In the longer run there are solutions to the pilot shortage. In the short run they’re getting more pilots who are already doing something that’s more valuable than what JetBlue will do (Spirit business model) and they’re paying far more than what they were doing is worth (since the deal costs about two-thirds more than Spirit’s market cap before the Frontier merger agreement was announced). Surely $3 billion can solve the pilot shortage more creatively than this.

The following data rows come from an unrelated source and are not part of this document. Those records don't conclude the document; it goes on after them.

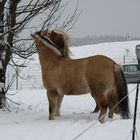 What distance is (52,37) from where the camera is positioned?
396 inches

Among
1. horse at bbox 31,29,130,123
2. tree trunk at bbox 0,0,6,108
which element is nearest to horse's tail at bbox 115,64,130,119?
horse at bbox 31,29,130,123

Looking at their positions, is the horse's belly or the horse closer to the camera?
the horse

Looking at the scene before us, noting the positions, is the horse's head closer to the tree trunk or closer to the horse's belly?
the horse's belly

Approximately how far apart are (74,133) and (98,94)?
58.2 inches

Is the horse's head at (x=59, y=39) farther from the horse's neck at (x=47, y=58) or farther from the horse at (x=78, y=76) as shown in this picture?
the horse's neck at (x=47, y=58)

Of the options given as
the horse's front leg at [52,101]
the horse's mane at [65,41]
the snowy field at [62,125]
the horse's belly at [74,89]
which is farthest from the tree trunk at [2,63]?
the horse's belly at [74,89]

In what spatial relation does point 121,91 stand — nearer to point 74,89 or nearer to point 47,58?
point 74,89

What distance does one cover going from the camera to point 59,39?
394 inches

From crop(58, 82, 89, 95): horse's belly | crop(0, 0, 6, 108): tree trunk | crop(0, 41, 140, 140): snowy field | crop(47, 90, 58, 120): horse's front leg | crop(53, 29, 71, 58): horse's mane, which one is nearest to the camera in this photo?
crop(0, 41, 140, 140): snowy field

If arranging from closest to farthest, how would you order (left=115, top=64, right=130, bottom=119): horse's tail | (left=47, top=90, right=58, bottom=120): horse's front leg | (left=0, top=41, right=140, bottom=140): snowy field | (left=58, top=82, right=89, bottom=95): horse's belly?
(left=0, top=41, right=140, bottom=140): snowy field, (left=115, top=64, right=130, bottom=119): horse's tail, (left=58, top=82, right=89, bottom=95): horse's belly, (left=47, top=90, right=58, bottom=120): horse's front leg

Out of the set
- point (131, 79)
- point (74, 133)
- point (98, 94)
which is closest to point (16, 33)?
point (98, 94)

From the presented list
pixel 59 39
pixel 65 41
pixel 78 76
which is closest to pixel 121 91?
pixel 78 76

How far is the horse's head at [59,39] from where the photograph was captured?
32.6 feet

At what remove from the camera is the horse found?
909 cm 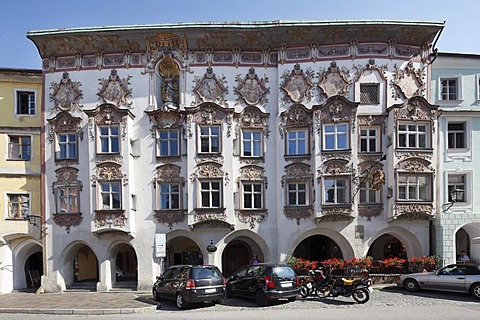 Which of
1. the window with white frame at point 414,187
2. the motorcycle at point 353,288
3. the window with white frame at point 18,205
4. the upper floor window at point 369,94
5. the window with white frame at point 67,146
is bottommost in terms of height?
the motorcycle at point 353,288

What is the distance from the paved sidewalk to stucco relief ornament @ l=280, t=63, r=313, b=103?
12871 millimetres

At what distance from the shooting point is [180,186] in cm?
2194

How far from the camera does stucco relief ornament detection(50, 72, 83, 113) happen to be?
2244cm

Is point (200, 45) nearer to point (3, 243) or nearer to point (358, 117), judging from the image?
point (358, 117)

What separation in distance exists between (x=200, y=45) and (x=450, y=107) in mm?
14546

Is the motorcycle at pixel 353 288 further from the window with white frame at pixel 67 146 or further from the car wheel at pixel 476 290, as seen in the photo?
the window with white frame at pixel 67 146

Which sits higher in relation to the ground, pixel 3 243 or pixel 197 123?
pixel 197 123

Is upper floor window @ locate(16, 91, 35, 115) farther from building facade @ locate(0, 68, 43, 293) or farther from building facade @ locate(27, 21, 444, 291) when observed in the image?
building facade @ locate(27, 21, 444, 291)

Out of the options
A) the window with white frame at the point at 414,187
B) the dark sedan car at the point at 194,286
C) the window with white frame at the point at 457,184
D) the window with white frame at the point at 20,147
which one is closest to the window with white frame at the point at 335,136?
the window with white frame at the point at 414,187

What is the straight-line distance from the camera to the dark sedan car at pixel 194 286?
48.2 feet

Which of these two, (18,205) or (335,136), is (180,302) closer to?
(335,136)

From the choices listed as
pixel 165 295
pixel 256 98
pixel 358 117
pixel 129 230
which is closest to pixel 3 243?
pixel 129 230

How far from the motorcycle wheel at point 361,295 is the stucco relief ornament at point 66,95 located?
1781cm

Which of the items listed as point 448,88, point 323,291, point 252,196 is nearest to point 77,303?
point 252,196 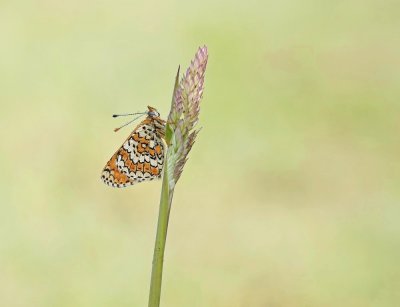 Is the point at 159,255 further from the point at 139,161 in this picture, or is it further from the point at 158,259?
the point at 139,161

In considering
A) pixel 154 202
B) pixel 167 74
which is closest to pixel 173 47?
pixel 167 74

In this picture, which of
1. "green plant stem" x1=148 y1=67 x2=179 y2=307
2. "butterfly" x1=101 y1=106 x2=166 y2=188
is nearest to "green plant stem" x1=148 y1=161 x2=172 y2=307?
"green plant stem" x1=148 y1=67 x2=179 y2=307

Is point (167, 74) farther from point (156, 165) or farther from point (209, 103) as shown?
point (156, 165)

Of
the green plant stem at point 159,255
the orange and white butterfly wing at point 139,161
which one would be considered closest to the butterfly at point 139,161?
the orange and white butterfly wing at point 139,161

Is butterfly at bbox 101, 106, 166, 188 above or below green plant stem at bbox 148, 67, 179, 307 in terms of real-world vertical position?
above

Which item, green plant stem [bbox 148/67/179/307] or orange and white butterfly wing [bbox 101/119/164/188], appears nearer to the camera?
green plant stem [bbox 148/67/179/307]

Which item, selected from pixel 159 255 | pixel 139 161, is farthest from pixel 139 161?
pixel 159 255

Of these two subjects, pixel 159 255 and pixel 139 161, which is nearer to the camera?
pixel 159 255

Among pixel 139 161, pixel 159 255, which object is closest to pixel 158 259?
pixel 159 255

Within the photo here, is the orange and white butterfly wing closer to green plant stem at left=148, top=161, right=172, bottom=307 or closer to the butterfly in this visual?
→ the butterfly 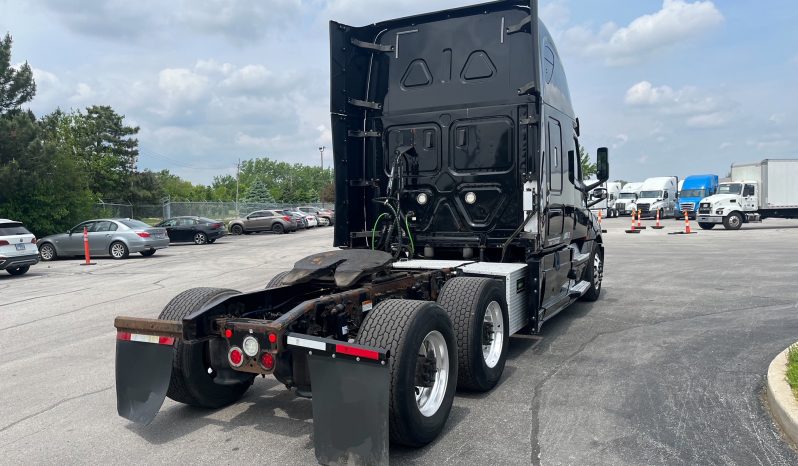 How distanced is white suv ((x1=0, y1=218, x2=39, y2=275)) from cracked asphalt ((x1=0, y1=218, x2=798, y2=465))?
5874 millimetres

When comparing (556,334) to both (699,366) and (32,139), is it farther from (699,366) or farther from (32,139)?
(32,139)

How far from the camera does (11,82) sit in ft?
87.7

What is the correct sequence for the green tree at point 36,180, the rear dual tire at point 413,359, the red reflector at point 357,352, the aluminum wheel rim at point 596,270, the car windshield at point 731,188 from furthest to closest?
the car windshield at point 731,188, the green tree at point 36,180, the aluminum wheel rim at point 596,270, the rear dual tire at point 413,359, the red reflector at point 357,352

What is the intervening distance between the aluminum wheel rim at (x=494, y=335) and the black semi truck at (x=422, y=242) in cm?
1

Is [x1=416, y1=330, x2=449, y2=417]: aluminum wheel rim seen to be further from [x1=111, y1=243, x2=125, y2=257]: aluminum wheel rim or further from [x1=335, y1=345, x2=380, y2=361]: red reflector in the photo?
[x1=111, y1=243, x2=125, y2=257]: aluminum wheel rim

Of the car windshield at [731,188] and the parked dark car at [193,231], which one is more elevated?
the car windshield at [731,188]

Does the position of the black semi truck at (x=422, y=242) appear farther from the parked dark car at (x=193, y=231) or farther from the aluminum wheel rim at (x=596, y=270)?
the parked dark car at (x=193, y=231)

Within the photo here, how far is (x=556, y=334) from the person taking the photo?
7090 mm

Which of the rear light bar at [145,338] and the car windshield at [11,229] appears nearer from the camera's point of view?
the rear light bar at [145,338]

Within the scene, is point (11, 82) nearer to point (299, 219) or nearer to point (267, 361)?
point (299, 219)

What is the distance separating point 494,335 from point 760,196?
30981 mm

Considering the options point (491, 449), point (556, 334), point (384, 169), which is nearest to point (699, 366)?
point (556, 334)

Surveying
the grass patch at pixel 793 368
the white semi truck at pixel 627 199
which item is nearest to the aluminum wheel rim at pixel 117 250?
the grass patch at pixel 793 368

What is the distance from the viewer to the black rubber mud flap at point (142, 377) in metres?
4.08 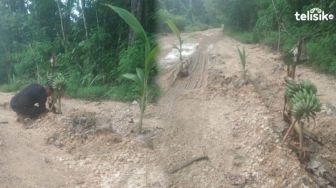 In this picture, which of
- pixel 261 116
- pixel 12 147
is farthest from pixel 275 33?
pixel 12 147

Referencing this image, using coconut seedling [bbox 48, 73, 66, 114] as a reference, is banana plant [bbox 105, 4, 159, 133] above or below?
above

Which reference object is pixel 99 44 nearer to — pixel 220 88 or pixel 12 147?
pixel 220 88

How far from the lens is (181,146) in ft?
19.7

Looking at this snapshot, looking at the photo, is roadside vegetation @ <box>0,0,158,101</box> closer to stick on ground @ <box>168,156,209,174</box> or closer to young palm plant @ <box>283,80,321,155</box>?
stick on ground @ <box>168,156,209,174</box>

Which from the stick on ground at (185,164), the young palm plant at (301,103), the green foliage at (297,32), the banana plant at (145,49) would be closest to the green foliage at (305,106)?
the young palm plant at (301,103)

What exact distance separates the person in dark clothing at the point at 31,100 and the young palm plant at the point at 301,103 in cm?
402

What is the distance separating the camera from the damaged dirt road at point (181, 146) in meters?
5.08

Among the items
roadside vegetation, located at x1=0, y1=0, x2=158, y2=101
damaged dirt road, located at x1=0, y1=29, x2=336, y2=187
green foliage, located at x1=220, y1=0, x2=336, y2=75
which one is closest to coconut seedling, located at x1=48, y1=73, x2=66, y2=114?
damaged dirt road, located at x1=0, y1=29, x2=336, y2=187

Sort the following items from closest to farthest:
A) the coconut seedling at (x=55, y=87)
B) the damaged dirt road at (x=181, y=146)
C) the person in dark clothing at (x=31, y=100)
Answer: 1. the damaged dirt road at (x=181, y=146)
2. the person in dark clothing at (x=31, y=100)
3. the coconut seedling at (x=55, y=87)

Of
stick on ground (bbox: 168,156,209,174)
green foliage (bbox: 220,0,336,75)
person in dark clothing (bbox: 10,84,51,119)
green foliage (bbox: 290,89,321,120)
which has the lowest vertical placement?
stick on ground (bbox: 168,156,209,174)

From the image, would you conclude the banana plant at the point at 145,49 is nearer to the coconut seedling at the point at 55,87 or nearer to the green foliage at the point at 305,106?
the coconut seedling at the point at 55,87

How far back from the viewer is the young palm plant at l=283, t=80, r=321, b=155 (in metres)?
5.17

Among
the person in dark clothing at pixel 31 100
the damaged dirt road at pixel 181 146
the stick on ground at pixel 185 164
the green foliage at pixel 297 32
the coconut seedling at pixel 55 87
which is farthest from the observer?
the green foliage at pixel 297 32

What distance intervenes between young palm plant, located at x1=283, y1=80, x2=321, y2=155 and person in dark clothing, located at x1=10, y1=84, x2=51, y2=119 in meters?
4.02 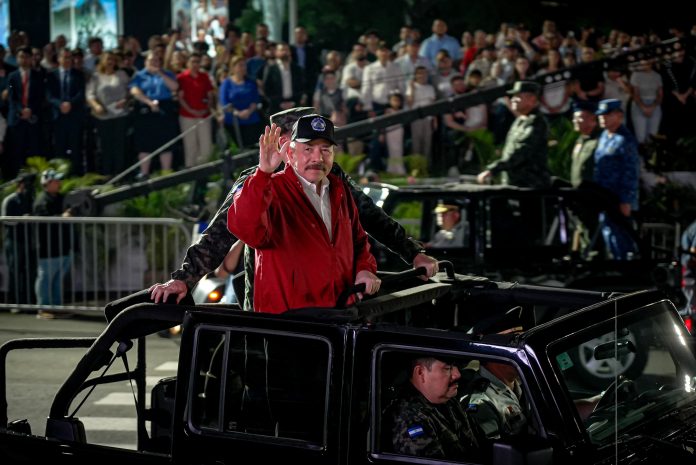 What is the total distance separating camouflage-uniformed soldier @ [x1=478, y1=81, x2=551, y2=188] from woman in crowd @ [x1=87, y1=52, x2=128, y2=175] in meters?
7.56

JetBlue Gains Access to Slots And Gates At Congested Airports

It’s tough to expand in airports that are full, either because they’re slot controlled (or schedule-facilitated) or because of lack of available gates. However JetBlue has already stipulated they’re willing to give up Spirit’s assets in New York and Boston to gain anti-trust approval for the deal. Access to a modest amount of Chicago O’Hare flying, for instance, isn’t going to get them very much here.

And Spirit uses its assets already, again more productively than JetBlue, so it’s not clear how the value of the merged airlines becomes worth more rather than the same or less in order to justify the big price premium relative to Spirit’s market value before merger agreements were announced.

Spirit’s slots and gates weren’t worth two-thirds more than the value Spirit was extracting and JetBlue, with higher costs, will likely extract even less value. Plus they’re going to shed some of the most valuable slots and gates they’d be acquiring.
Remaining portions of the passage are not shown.